Steven Wadsworth has unexpectedly ankled as president of Disney Interactive Media Group.

One of Hollywood’s respected executives in the online entertainment biz, Wadsworth had essentially overseen the Mouse House’s online and gaming efforts since 1999, when he became president of Disney’s interactive group.

Disney Interactive Media Group runs Disney.com, EPSN.com, ABC’s branded websites and the company’s gaming efforts.

Wadsworth’s replacement will be announced shortly, Iger said in a statement. One candidate being mentioned by many is John Pleasants, CEO of Playdom.

Wadsworth alerted his staff of the resignation Thursday night through an email. “I have been thinking about this for quite some time, and while it is difficult to leave a great company, an exciting business and a wonderful group of people, my desire and excitement to pursue other opportunities is too great to ignore,” he wrote.

In an official statement, Wadsworth relayed similar sentiments: “While there is never a good time to leave a great role at a great company, for many reasons now is the right time for me to move on,” he said. “I am extremely proud of the huge progress we’ve made at Disney Interactive Media Group, and am confident that the business is well-positioned for continued significant growth.”

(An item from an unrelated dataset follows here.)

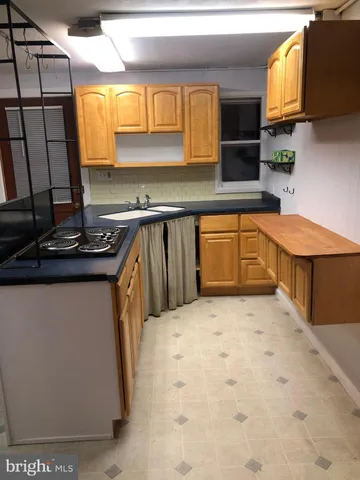 a kitchen with stainless steel appliances a sink stove and microwave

While much attention has focused on the changes at Disney’s film division and more recently ABC, as well, the company’s interactive unit has also been going through a corporate overhaul lately.

After a series of mergers over the years and struggles with launching a profitable videogame division and replicating the success of ClubPenguin.com with online worlds based around its Disney Fairies franchise, starring Tinker Bell and her flying friends, as well as the “Pirates of the Caribbean” films, Disney chief Robert Iger is now having the group target the booming social gaming business.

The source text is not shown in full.